Have 2- 2 Bedroom At Orange Lake West 
1 Ck in Saturday July 21 -- Ck out July 28th $700
1 Ck in Sunday July 22 -- Ck out July 29th $700

Please respond here for more info, Orange Lake West Orlando Florida, great location for families to stay while hitting the Parks at Disney World, MGM, Beaches, all the fun stuff as well as many pools, lazy rivers, 80+ acre lake on the property, many other activities to hang out. 

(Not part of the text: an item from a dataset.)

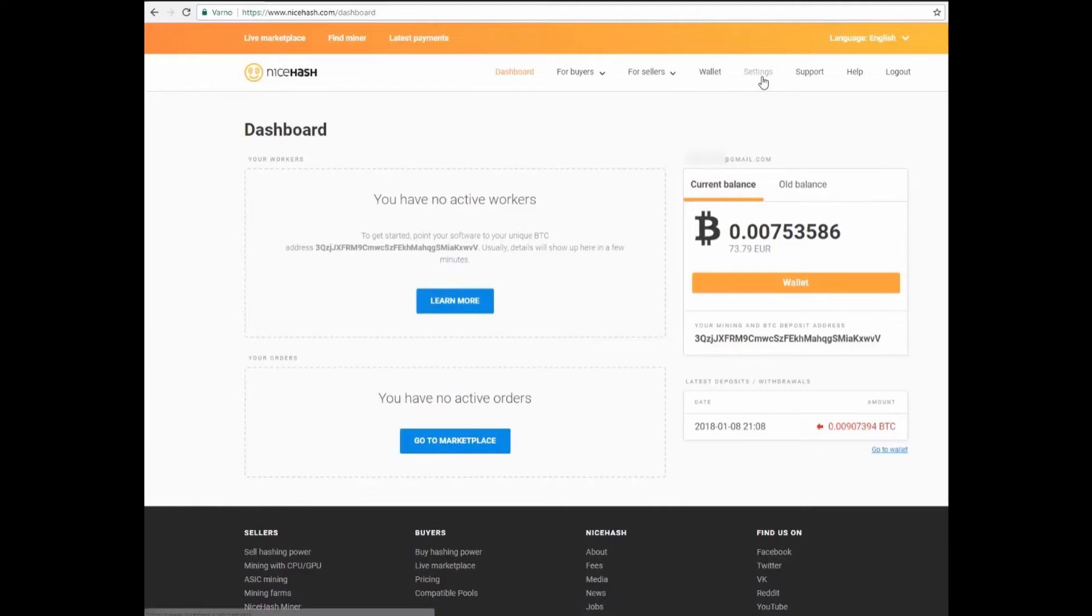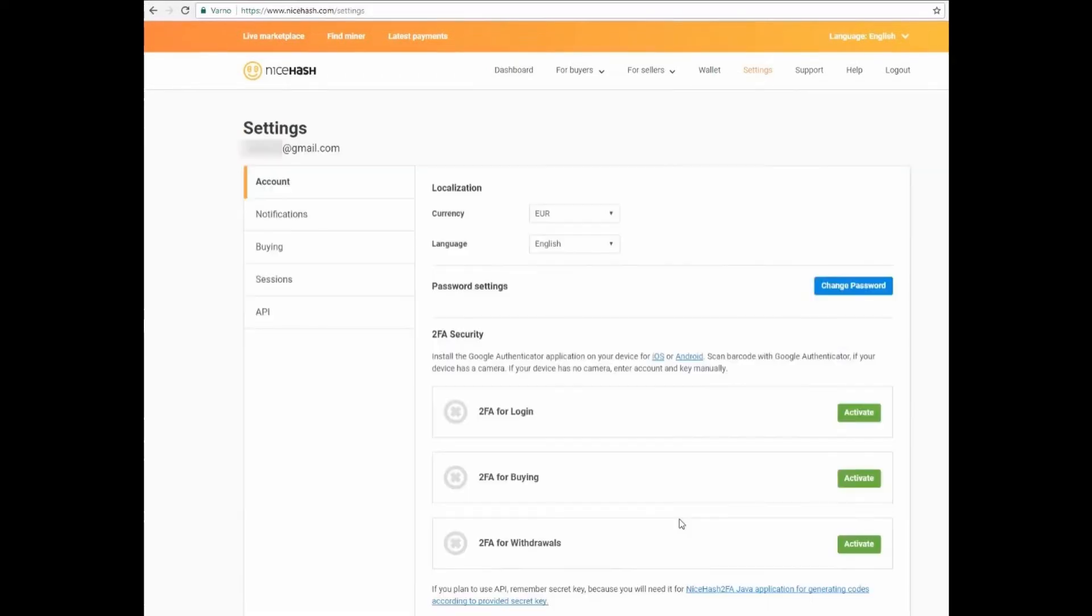You see options for buyers, for sellers, wallet, and settings. Just tap on the settings. After tapping the settings, you need to click on account in the left side of your screen.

https://members.holidayinnclub.com/explore-our-resorts/orange-lake-resort/west-village

Thanks 
BP


----------



## mel and joe (Jun 21, 2018)

cassvilleokie said:


> Have 2- 2 Bedroom At Orange Lake West
> 1 Ck in Saturday July 21 -- Ck out July 28th $700
> 1 Ck in Sunday July 22 -- Ck out July 29th $700
> 
> ...



Hi There,

We would like to book the 2 bed at Orange Lake West for 7/21-7/28 if still available. Please let us know! 

Many Thanks!


----------



## GM600 (Jun 21, 2018)

cassvilleokie said:


> Have 2- 2 Bedroom At Orange Lake West
> 1 Ck in Saturday July 21 -- Ck out July 28th $700
> 1 Ck in Sunday July 22 -- Ck out July 29th $700
> 
> ...


I’m interested if this is still available


----------



## GM600 (Jun 23, 2018)

cassvilleokie said:


> Have 2- 2 Bedroom At Orange Lake West
> 1 Ck in Saturday July 21 -- Ck out July 28th $700
> 1 Ck in Sunday July 22 -- Ck out July 29th $700
> 
> ...


Is this still available. I sent a pm and replied here and haven’t received a response   

Thanks


----------



## cassvilleokie (Jun 25, 2018)

yes it is sorry, was in Branson over the weekend


----------



## cassvilleokie (Jul 5, 2018)

Price Reduced to $500 each week


----------



## Klyn (Jul 7, 2018)

cassvilleokie said:


> Price Reduced to $500 each week


Hi,
Are either of these still available at $500?


----------



## cassvilleokie (Jul 10, 2018)

Yes there are let me know


----------